Em resumo, esses resultados indicaram que os microorganismos em Marte são mais resistentes do que se pensava anteriormente. Além de serem capazes de sobreviver às baixas temperaturas e à baixa pressão atmosférica, eles também são capazes de sobreviver aos tipos de condições de radiação comuns na superfície. Como Cheptsov explicou:
“Os resultados do estudo indicam a possibilidade de crio-conservação prolongada de microorganismos viáveis no regolito marciano. A intensidade da radiação ionizante na superfície de Marte é de 0,05-0,076 Gy / ano e diminui com a profundidade. Tendo em conta a intensidade da radiação no regolito de Marte, os dados obtidos permitem supor que os ecossistemas hipotéticos de Marte poderiam ser conservados em um estado anabiótico na camada superficial do regolito (protegida dos raios UV) por pelo menos 1,3 milhão de anos, a uma profundidade de dois metros por não menos de 3,3 milhões de anos e a uma profundidade de cinco metros por pelo menos 20 milhões de anos. Os dados obtidos também podem ser aplicados para avaliar a possibilidade de detectar microorganismos viáveis em outros objetos do sistema solar e dentro de pequenos corpos no espaço sideral. ”
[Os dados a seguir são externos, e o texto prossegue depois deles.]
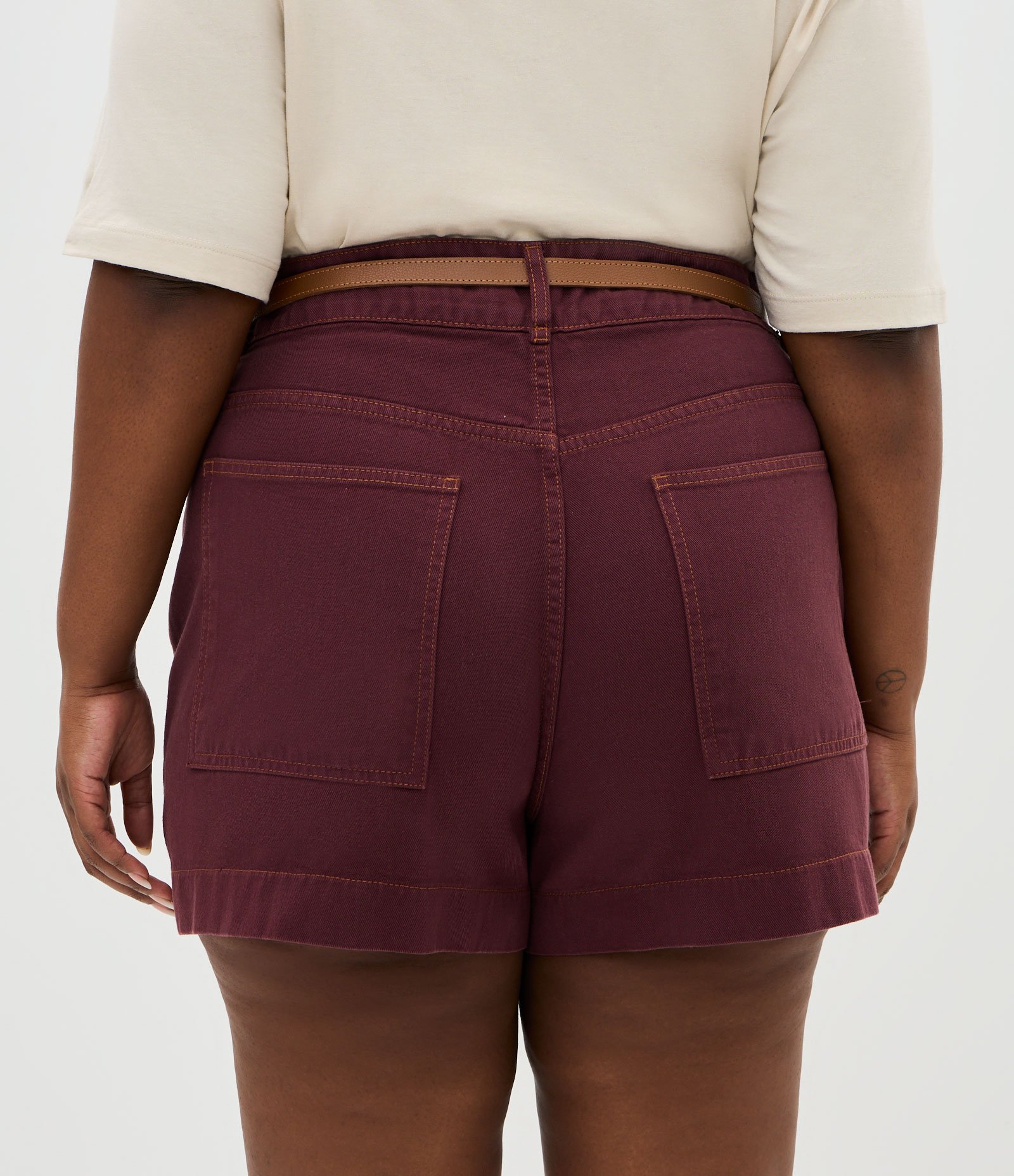 Short Mom em Sarja com Costura Ocre e Cintinho Curve & Plus Size Vinho 4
Este estudo foi significativo por várias razões. Por um lado, os autores conseguiram provar pela primeira vez que as bactérias procariontes podem sobreviver à radiação além de 80 kGy - algo que antes se pensava ser impossível. Eles também demonstraram que, apesar de suas condições difíceis, os microrganismos ainda podem estar vivos em Marte hoje, preservados em seu permafrost e solo.
O estudo também demonstra a importância de considerar fatores extraterrestres e cósmicos ao considerar onde e sob quais condições os organismos vivos podem sobreviver. Por último, mas não menos importante, este estudo fez algo que nenhum estudo anterior fez, que é definir os limites de resistência à radiação para microorganismos em Marte - especificamente dentro do regolito e em várias profundidades.
Esta informação será inestimável para futuras missões a Marte e outros locais do Sistema Solar, e talvez até mesmo com o estudo de exoplanetas. Conhecer o tipo de condições em que a vida prosperará nos ajudará a determinar onde procurar por sinais dela. E, ao preparar missões para outras palavras, também permitirá que os cientistas saibam quais locais evitar, para evitar a contaminação dos ecossistemas indígenas.